▶ _Exercise objective_: Please set down the records below exactly as they appear.

▶ _Records to process_:
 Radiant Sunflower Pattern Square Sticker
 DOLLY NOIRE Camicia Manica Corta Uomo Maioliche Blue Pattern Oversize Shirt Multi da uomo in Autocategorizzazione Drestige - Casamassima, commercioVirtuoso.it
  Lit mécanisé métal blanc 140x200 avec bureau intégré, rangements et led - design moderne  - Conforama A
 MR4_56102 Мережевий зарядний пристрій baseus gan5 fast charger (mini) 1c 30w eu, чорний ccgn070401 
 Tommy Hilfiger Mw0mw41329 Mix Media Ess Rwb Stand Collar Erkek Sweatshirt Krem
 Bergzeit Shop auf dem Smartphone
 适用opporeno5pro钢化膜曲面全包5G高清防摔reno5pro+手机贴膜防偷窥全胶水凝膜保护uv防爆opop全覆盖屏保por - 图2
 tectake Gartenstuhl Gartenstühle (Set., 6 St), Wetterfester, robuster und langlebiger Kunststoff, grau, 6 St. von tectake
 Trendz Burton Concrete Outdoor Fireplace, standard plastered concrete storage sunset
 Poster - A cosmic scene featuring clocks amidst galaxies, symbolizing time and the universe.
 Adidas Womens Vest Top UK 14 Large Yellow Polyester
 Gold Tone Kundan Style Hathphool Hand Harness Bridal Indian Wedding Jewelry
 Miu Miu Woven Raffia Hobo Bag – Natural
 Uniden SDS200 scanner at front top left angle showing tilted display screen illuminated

▶ _Answer box_:
 Radiant Sunflower Pattern Square Sticker
 DOLLY NOIRE Camicia Manica Corta Uomo Maioliche Blue Pattern Oversize Shirt Multi da uomo in Autocategorizzazione Drestige - Casamassima, commercioVirtuoso.it
  Lit mécanisé métal blanc 140x200 avec bureau intégré, rangements et led - design moderne  - Conforama A
 MR4_56102 Мережевий зарядний пристрій baseus gan5 fast charger (mini) 1c 30w eu, чорний ccgn070401 
 Tommy Hilfiger Mw0mw41329 Mix Media Ess Rwb Stand Collar Erkek Sweatshirt Krem
 Bergzeit Shop auf dem Smartphone
 适用opporeno5pro钢化膜曲面全包5G高清防摔reno5pro+手机贴膜防偷窥全胶水凝膜保护uv防爆opop全覆盖屏保por - 图2
 tectake Gartenstuhl Gartenstühle (Set., 6 St), Wetterfester, robuster und langlebiger Kunststoff, grau, 6 St. von tectake
 Trendz Burton Concrete Outdoor Fireplace, standard plastered concrete storage sunset
 Poster - A cosmic scene featuring clocks amidst galaxies, symbolizing time and the universe.
 Adidas Womens Vest Top UK 14 Large Yellow Polyester
 Gold Tone Kundan Style Hathphool Hand Harness Bridal Indian Wedding Jewelry
 Miu Miu Woven Raffia Hobo Bag – Natural
 Uniden SDS200 scanner at front top left angle showing tilted display screen illuminated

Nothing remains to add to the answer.